Various games have done in-game events that were accessable to more than a single raid, generally along the lines of a war where there was a force to battle and defeat. We've also seen global material collection quests. The actual storyline importance and after effects of these events has seldom been major to the world though. WoW has somewhat tied to altered storyline with some of their little patches but generally the main reward is some generic (soon to be obsolete) gear and a title.

Warhammer (for me anyways) brought in the public quest concept. Though they reran steadily, it was the idea of anyone that is there can be a part of it.

Rallying calls really sound like a blend of the 3 ideas above. I think this could be really good, especially if it isn't "build 4 cities out of 6 rallying calls" in the first year of the game.

Faction is just faction unless the rallying calls put you into an otherwise unobtainable bracket... basically a character flag that says "builder of halas" and the NPC react to you as such.

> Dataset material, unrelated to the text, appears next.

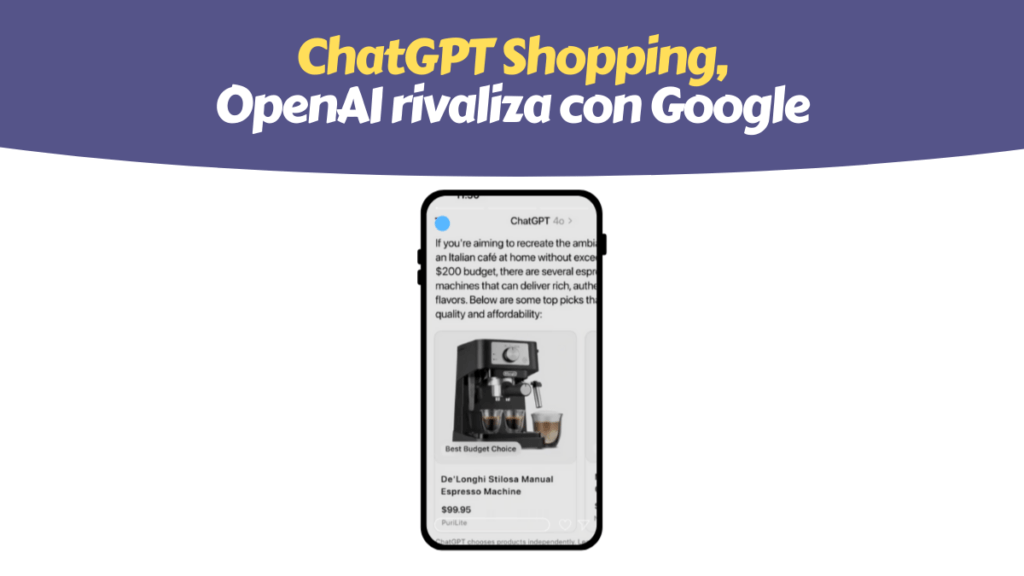 OpenAI Shopping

This is easily doable... but do they make it recognize if you go against Halas later (if you follow... I could be a renowned builder of halas but later betray it and slay barbarians for fun. NPC should treat me differently than someone that is just a plain enemy --if the system is truly dynamic).

It's one thing for player-character choices to unlock a different series of npc emotes vs. a series of choices continuing to have life as the game goes on. It will be interesting to see what they actually implement.